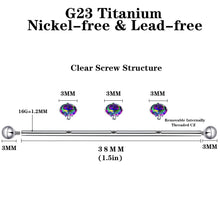 Load image into Gallery viewer, Titanium 3 Gems Industrial Barbell
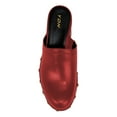 thumbnail image 4 of YDN Women Platform Round Toe Slip On Mules Clogs Metal Studded Mid Block Chunky Heels Comfortable Shopping Dressy Slides Pumps Size 7 Red, 4 of 4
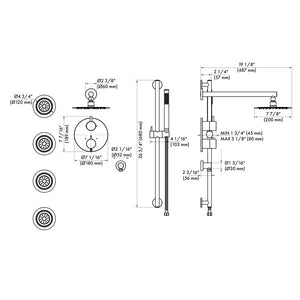 ZLINE Emerald Bay Thermostatic Shower System with Body Jets in Chrome (EMBY-SHS-T3-CH) dimensional diagram.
_ _ _ _
**Activity:**
No pictures belong in the copy. Repeat the listing above exactly.

**Response:**
 Load image into Gallery viewer, Titanium 3 Gems Industrial Barbell
 thumbnail image 4 of YDN Women Platform Round Toe Slip On Mules Clogs Metal Studded Mid Block Chunky Heels Comfortable Shopping Dressy Slides Pumps Size 7 Red, 4 of 4
 ZLINE Emerald Bay Thermostatic Shower System with Body Jets in Chrome (EMBY-SHS-T3-CH) dimensional diagram.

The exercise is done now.